Right-wing party “Brothers of Italy”: Operation Image Correction

Status: 08/12/2022 7:59 p.m

Before the elections in Italy, Giorgia Meloni and her right-wing party “Brothers of Italy” are ahead in polls. Many are concerned about the rise of women with a neo-fascist past – who are now trying to correct their image.

By Jörg Seisselberg, ARD Studio Rome

Giorgia Meloni has long been criticized by her political opponents because of this symbol: the green, white and red flame blazes in the coat of arms of her party “Brothers of Italy”. In the symbolism of the Italian right, it stands for the eternal fire on the grave of the fascist dictator Benito Mussolini.

Now, according to several Italian newspapers, Meloni is leading a discussion among her party leadership about removing the flame from the party symbol.

Here the flame still blazes in the party symbol of the “Brothers of Italy”. Does Meloni want to change that now?

Image: picture alliance / ZUMAPRESS.com

“She’s doing this with a view to the elections”

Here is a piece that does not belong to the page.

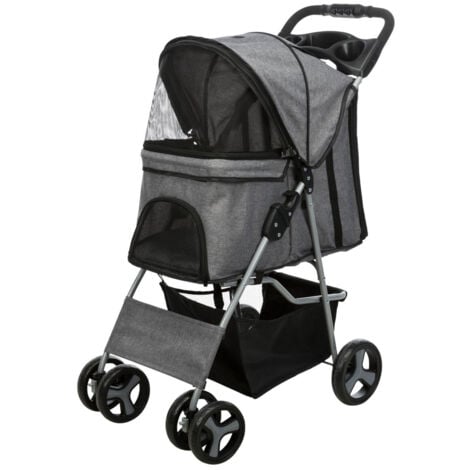 Trixie Passeggino per cani e gatti 4 ruote grigio 47x100x80 per cani fino15 kg
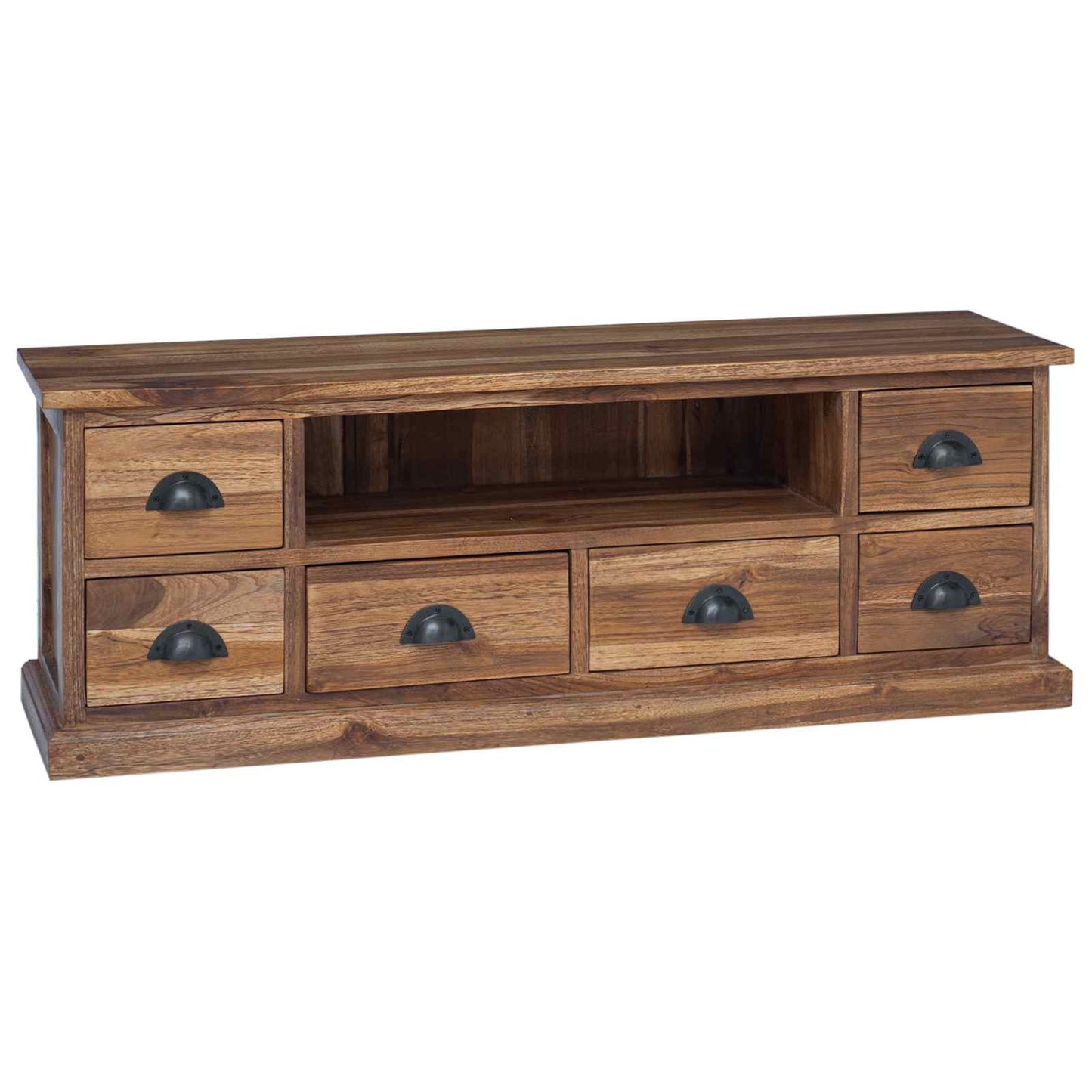 TV-bänk med låda Naturfärg 110 x 30 x 40 cm Massivt teakträ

Emanuele Fiano, deputy of the social-democratic PD and former board member of the Jewish community in Italy, finds this – at this point in time – politically transparent. He explains: “The flame in the party symbol obviously stands for a root from which one has not been able to part until now.”

It is obvious that Giorgia Meloni now wants to declare at international level that there is no problem for democracy with her. And of course she does that with a view to the elections.

It is an image correction operation – seven weeks before the parliamentary elections. Namely from the woman who currently has the best chance of becoming the next Prime Minister of Italy.

Meloni wants to clear up concerns

Nobody should be afraid of her, that was Meloni’s key message a few days ago in a video message for the foreign press in Rome. The right-wing politician addressed the international correspondents in three languages. In English, in Spanish and with a presentation in French. After introducing herself, she said:

For several days I have been reading articles in the international press about the upcoming elections to give Italy a new government – in which I am described as a danger.

In her speech, which lasted six and a half minutes – questions were not possible – Meloni tried to dispel precisely these concerns about her.

Meloni: “Fascism handed over to history”

The former youth minister under Silvio Berlusconi promised, among other things, loyalty to the Atlantic alliance and an Italian government that would be stable and would “not give away any euros”. Above all, however, the boss of the “Brothers of Italy” tried to refute the accusation that she had an unclear relationship to fascism.

She explains: “For decades now, the Italian right handed over fascism to history and condemned the withdrawal of democracy and the infamous anti-Jewish laws without ambiguity. Our condemnation of National Socialism and Communism is of course also without ambiguity”.

Not ready for outright condemnation of Mussolini

As always, Meloni made a difference in her video for the international media between German National Socialism – which she completely condemns – and Italian fascism, in which she criticizes individual points but avoids a blanket condemnation. That’s exactly what she’s been accused of in Italy for years.

One of her predecessors as leader of the right, Gianfranco Fini, had described fascism as “the absolute evil”. Meloni was never ready for such a fundamental condemnation of the Mussolini regime. Instead, she emphasizes that Mussolini must be judged in the light of his time. Incidentally, and this is also a recurring phrase by Meloni, for her fascism is history and not current politics.

Brothers Italy’s strongest force at the moment

Meloni began her political career in the 1990s in the neo-fascist MSI party. In the polls, Meloni’s “Brothers of Italy” are currently the strongest party with over 24 percent, the right-wing alliance she leads is more than 15 percentage points ahead of the centre-left forces.

MP and former representative of the Jewish community, Fiano, is concerned that Giorgia Meloni could become Italy’s new prime minister. Concerns about the neo-fascist roots of the Brothers of Italy do not play the main role. What worries him more is that she is close to Hungarian Prime Minister Viktor Orbán and those in power in Poland, according to Fiano.

Our criticism of the lack of coming to terms with the past must not lead us to overlook the fact that they are currently committed to illiberal ideas of democracy.